Richard Frank ’62 is in business to prevent epidemics

AIDS, malaria and malnutrition claim millions of lives in the developing world every year. One approach to such problems is to provide free health products–condoms, malaria kits and vitamin supplements–to health clinics.

Richard Frank ’62 prefers a different tack: market and sell the items. He runs a nonprofit company in Washington, D.C., Population Services International, that does just that. PSI arranges for such products to be sold cheaply in poor countries because the company has found that selling them has two distinct advantages. First, when people have to pay for products, they are more likely to use them, Frank says. Second, selling items in retail stores allows the goods to reach more people.

“If you limit yourself to the public-sector clinics, you may only get a product out through 200 clinics,” Frank said. “But if you go to the commercial infrastructure, … 10,000 retailers will carry your product.”

Frank’s objective is not to make money. “Indeed, we lose money. Our objective is to give lower-income people the opportunity to have better health.” International agencies, governments and private foundations provide funding for PSI’s projects.

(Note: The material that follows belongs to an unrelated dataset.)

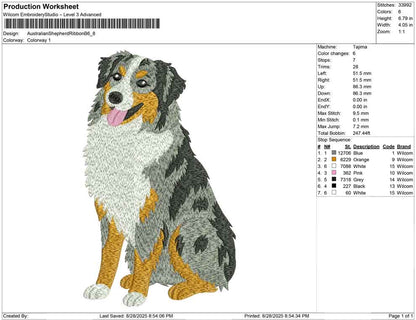 Australian Shepherd Ribbon B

The company neither invents nor manufactures any of the goods that it distributes. Instead, PSI forms partnerships with governments and local businesses–from Kenya to Cambodia–to improve the public’s access to products such as insecticide-treated mosquito nets, and birth control. The company also designs marketing campaigns that are tailored to different cultures and coordinates with local distributors to make products widely available in stores.

PSI’s businesslike strategy focuses on results, and according to Frank, this distinguishes it from hundreds of other nonprofits dedicated to good causes. When it comes to effectiveness, he says, having an appealing mission is not enough.

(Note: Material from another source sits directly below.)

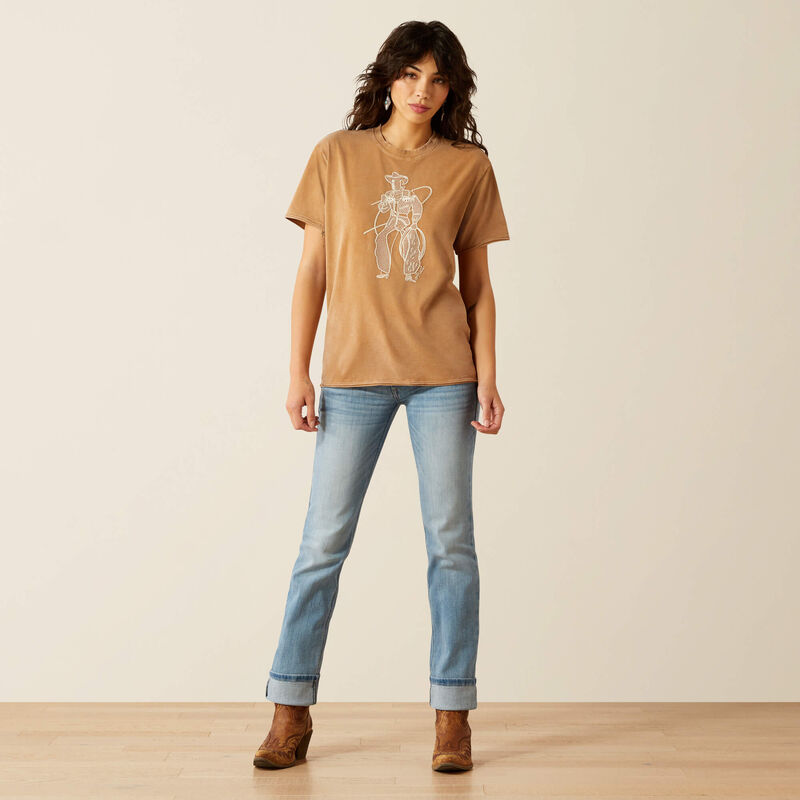 Ariat Buckaroo T-Shirt in Toasted Coconut Mineral Wash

“It seems to me the question is: Does it [have a] health impact?”

This insistence on doing what works has sometimes generated criticism on Capitol Hill. The Wall Street Journal reported that an aide to Sen. Sam Brownback, R-Kan., characterized a PSI ad campaign for condoms as “obscene” and “oversexualized.”

Frank countered that his approach to public health is in fact “conservative and old-fashioned” in its focus on effectiveness. It’s an approach he attributes in part to his legal training.

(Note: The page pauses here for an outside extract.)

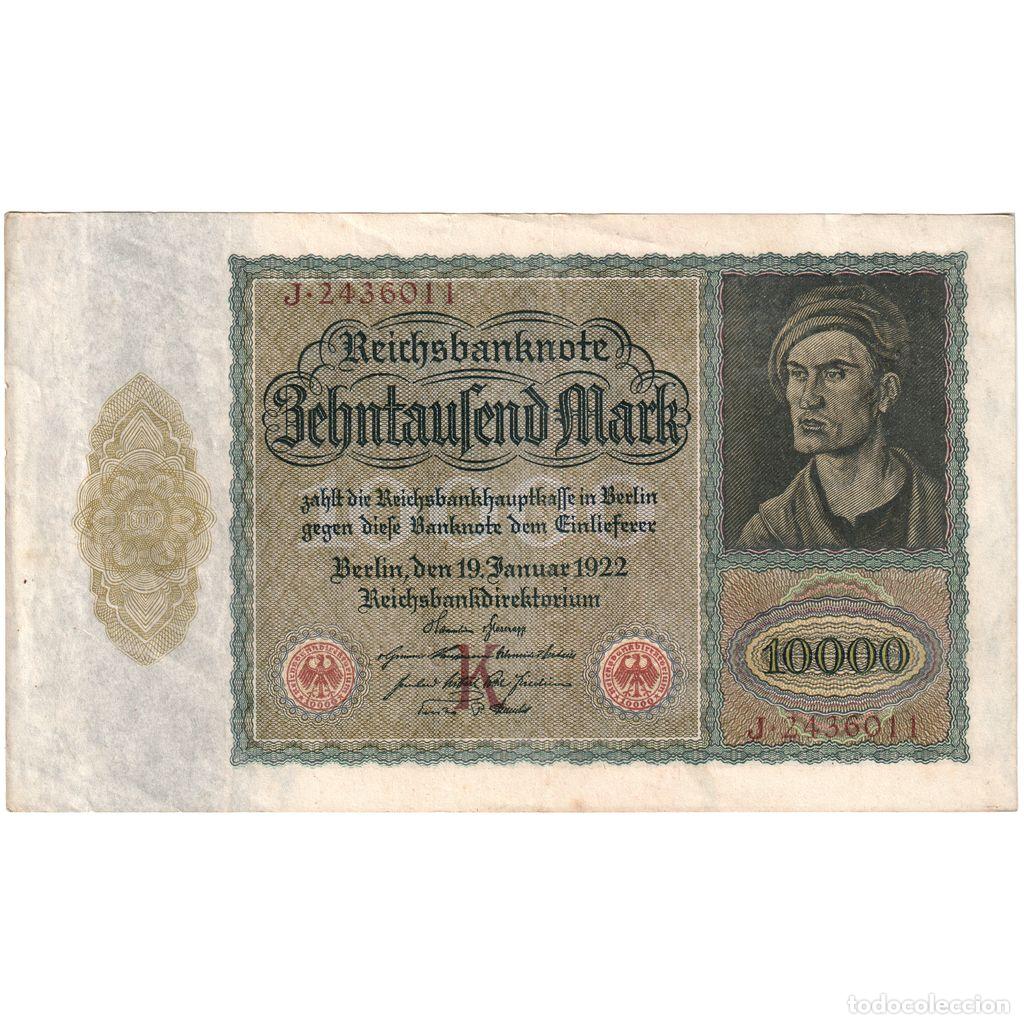 Billetes extranjeros: [#1234238] Alemania, 10,000 Mark, MBC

“Harvard Law School says: Do it well. If it’s practicing commercial law, do it well. I don’t think that just practicing commercial law, which I once did, is the end-all,” he said. “So we’re doing something else. We’re giving lower-income people in developing countries the opportunity to have good health. Do that well.”

Frank has applied this philosophy not only in private practice but throughout his career. He held senior positions in government: undersecretary of commerce during the Carter administration, administrator of the National Oceanic and Atmospheric Administration and legal adviser for the U.S. State Department. He also served as director of the Center for Law and Social Policy, a nonprofit that focuses on helping low-income individuals.

PSI unites both the government-service and private-sector sides of Frank’s r&eactue;sum&eactue;. The organization coordinates with governments of developing nations and with international agencies like UNICEF, all the while using the marketing strategies of a private company like Procter & Gamble, Frank says.

If the numbers are any indication, PSI’s model is producing results. According to its Web site, the organization estimates that in 2004 its programs prevented 803,000 HIV infections, 6.1 million unintended pregnancies and 83.6 million cases of malaria.

Though the missions and the institutions have changed since he graduated from Harvard Law School, Frank said that his goal remains the same: “Do it well.”